Existing prototypes of quantum communication systems use the simplest, binary code. One photon is one bit, 1 or 0, which is very easy to implement. But this is a real waste when it comes to advanced and knowledge-intensive systems. No, one photon can fit at least twice as much information, and scientists from the University of Ottawa have proven that the principle of 4D quantum encryption works.
Coding in 4D differs from 2D in that a single photon is assigned a two-bit value. It can be 00, 01, 10 and 11 - a total of four different values. To transfer information, the already familiar quantum states of a photon and the same equipment are used - the encryption algorithms simply change. In addition to a noticeable increase in the data transfer rate, this also promises an increase in the noise immunity of communication lines.
But theory is theory, and what is in practice? Canadian scientists climbed onto the roofs of two buildings at a distance of 300 m and placed laboratory equipment in wooden boxes for at least some protection from the weather. Below the big city was noisy, sparkling and radiated radio waves - the air, to put it mildly, was thoroughly clogged. And so, in such conditions, the 4D quantum encryption system managed to transfer information with a loss level of only 11%, much lower than the permissible maximum.
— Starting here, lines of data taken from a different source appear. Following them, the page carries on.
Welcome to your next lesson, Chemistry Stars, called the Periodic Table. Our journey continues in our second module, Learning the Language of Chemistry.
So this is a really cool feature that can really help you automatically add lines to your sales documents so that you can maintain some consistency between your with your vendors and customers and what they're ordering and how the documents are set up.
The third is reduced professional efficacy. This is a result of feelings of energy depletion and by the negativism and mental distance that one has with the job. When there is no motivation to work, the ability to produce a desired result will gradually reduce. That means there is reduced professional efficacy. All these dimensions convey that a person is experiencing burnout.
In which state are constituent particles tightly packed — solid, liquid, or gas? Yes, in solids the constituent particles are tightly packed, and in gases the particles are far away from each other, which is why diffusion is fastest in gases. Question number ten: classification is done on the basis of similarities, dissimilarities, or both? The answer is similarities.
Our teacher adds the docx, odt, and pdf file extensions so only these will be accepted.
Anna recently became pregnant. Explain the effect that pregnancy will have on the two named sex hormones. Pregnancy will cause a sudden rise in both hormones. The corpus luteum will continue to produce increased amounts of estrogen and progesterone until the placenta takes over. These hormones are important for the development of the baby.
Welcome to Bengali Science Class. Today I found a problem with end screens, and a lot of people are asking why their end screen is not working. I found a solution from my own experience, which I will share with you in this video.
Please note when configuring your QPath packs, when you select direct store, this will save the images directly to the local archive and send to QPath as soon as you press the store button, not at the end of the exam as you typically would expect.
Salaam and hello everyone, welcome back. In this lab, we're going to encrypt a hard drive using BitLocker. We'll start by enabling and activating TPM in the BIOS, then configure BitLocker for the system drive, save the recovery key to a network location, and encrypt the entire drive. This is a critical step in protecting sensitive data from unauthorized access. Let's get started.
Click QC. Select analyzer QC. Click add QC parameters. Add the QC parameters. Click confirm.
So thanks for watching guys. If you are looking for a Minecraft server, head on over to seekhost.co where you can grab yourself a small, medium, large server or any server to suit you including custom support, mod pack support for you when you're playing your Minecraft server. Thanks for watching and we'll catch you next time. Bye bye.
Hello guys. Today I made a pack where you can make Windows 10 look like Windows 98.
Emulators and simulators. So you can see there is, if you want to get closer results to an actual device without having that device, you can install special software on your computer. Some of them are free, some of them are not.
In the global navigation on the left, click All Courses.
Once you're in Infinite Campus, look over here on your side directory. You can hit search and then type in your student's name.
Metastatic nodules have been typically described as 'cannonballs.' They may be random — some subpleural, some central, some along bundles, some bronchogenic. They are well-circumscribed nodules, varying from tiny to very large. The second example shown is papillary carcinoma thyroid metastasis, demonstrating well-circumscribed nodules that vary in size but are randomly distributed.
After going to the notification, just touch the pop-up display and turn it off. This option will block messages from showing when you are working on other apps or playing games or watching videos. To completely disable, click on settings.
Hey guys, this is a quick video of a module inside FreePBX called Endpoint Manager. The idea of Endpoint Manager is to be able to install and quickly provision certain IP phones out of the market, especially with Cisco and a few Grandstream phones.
After processing the data, taking into account all correction methods, the 4D system showed a throughput rate of 1.6 times higher than that of 2D. The next step will be to test the operation of systems with three transmitters at a distance of 5.6 km using adaptive optics. And then the equipment will be installed on a drone or helicopter and try to establish communication with a moving object. And then ... they don't think so far away at the University of Ottawa, although they are infinitely glad of the opening prospects.